(Dataset extract begins)
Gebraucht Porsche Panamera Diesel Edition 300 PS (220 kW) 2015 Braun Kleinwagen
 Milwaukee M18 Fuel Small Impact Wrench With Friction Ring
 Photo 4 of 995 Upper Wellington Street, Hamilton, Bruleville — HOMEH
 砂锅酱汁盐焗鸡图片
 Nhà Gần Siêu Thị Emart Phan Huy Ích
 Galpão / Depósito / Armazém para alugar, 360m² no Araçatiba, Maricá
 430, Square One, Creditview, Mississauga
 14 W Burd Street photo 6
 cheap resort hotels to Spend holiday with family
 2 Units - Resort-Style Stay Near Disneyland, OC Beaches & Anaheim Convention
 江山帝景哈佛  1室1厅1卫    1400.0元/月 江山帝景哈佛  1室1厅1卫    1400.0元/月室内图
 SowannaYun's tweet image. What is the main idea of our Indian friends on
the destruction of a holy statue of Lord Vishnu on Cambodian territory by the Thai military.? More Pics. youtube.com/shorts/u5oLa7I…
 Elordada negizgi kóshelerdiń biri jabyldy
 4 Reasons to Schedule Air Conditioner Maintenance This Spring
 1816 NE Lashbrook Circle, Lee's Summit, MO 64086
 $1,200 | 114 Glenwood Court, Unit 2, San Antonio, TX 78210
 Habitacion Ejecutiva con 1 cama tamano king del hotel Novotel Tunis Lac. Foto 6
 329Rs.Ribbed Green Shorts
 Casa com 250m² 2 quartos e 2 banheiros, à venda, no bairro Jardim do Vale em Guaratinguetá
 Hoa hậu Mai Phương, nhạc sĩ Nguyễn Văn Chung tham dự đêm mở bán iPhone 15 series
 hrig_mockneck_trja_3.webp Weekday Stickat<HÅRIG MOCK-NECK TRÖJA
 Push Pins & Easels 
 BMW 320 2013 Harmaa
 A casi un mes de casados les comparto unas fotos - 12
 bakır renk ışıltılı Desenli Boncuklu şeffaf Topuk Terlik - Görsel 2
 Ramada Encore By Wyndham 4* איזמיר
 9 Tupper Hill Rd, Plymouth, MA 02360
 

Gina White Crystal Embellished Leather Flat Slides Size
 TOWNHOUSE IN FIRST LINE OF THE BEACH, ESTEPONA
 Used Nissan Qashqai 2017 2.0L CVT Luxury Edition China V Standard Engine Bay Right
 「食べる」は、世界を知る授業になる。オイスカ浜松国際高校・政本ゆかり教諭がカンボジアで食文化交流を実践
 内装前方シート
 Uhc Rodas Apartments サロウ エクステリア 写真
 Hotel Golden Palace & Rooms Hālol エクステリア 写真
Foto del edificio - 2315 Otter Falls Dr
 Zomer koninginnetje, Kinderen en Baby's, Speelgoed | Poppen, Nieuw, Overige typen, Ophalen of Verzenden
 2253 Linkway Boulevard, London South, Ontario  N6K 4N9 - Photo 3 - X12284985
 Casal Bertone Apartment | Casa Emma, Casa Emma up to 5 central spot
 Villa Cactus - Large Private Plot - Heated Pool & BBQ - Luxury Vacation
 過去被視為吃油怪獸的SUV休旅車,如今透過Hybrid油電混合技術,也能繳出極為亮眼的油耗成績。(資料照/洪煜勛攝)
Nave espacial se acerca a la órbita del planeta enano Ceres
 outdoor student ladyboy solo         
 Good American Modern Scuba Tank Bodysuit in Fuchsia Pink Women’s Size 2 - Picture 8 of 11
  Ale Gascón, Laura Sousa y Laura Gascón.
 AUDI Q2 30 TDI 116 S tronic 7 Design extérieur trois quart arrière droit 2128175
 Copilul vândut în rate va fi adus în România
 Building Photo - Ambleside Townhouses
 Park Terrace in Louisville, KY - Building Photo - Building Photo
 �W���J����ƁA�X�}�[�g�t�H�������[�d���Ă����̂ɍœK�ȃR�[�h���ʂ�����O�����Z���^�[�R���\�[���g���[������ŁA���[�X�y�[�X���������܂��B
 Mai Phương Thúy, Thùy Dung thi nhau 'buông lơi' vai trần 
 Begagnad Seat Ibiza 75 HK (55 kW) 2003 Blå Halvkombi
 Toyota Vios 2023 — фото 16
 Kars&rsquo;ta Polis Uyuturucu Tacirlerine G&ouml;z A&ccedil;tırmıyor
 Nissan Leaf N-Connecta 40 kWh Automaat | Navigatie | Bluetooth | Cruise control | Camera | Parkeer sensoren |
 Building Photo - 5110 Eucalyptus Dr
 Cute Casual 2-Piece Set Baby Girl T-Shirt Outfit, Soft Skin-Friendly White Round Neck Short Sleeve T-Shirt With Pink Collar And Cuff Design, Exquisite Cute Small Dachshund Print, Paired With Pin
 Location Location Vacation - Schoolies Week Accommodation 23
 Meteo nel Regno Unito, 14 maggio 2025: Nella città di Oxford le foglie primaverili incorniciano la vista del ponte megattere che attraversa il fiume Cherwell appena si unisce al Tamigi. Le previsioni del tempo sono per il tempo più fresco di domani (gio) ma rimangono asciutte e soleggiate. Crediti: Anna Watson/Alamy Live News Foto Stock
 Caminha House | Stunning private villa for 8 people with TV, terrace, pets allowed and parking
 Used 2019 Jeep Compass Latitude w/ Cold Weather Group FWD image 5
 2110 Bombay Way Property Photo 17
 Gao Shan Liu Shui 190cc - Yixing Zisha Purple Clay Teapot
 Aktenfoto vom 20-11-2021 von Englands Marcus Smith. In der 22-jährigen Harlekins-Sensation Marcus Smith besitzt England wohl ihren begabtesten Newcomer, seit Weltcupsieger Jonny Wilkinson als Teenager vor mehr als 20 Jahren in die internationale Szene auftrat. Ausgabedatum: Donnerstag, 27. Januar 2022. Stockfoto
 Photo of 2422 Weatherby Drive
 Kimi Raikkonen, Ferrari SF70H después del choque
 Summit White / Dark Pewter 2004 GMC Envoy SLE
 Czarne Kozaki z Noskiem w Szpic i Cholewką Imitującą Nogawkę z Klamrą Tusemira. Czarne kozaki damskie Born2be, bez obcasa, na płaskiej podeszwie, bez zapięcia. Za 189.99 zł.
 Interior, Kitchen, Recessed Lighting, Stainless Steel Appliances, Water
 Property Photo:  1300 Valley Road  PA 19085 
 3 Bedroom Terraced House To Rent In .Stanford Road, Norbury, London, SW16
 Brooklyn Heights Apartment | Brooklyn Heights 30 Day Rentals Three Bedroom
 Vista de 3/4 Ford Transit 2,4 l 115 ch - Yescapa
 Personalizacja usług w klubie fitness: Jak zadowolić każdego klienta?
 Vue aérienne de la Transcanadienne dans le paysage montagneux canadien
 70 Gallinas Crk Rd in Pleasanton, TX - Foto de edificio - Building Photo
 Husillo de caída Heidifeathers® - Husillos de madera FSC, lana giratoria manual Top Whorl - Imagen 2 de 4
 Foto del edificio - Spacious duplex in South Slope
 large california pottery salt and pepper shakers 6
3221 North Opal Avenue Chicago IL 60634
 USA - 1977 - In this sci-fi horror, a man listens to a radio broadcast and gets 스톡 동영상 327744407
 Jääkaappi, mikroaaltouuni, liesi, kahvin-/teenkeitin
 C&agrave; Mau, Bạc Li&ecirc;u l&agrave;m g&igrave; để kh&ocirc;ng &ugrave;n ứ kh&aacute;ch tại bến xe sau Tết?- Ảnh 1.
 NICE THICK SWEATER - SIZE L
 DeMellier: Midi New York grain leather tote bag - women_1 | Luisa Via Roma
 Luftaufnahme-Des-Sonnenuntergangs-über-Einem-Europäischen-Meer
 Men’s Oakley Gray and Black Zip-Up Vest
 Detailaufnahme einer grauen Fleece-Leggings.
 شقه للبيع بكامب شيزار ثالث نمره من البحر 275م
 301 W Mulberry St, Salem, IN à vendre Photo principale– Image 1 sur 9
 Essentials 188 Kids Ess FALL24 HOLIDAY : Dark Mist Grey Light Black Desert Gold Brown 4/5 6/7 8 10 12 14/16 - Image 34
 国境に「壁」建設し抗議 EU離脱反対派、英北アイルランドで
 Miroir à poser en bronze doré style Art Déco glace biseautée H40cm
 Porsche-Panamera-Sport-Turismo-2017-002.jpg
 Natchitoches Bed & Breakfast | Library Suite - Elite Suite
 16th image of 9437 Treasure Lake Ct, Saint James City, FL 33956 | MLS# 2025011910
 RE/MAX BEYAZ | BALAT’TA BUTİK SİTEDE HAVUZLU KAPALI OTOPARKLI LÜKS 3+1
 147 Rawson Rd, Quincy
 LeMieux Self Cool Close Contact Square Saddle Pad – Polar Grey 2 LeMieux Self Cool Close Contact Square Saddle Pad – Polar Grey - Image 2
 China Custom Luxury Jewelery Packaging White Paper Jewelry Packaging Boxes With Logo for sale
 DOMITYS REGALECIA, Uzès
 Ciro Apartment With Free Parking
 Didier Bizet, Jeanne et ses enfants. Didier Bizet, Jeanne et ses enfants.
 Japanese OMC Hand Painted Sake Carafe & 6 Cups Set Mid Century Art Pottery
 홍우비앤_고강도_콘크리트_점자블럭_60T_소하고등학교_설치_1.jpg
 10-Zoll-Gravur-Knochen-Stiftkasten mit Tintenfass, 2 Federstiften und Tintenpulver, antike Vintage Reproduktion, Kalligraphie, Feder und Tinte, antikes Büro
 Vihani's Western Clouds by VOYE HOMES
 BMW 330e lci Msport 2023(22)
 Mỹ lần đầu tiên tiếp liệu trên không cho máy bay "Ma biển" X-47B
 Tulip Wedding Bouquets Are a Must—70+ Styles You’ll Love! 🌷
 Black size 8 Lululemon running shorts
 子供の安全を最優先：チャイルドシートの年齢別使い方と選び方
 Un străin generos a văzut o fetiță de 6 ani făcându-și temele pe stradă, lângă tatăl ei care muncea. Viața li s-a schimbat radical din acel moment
(Dataset extract ends)
▸ Goal of the exercise
Please list every line of the records that contains "Luxury".

▸ Response for this exercise
 Used Nissan Qashqai 2017 2.0L CVT Luxury Edition China V Standard Engine Bay Right
 Villa Cactus - Large Private Plot - Heated Pool & BBQ - Luxury Vacation
 China Custom Luxury Jewelery Packaging White Paper Jewelry Packaging Boxes With Logo for sale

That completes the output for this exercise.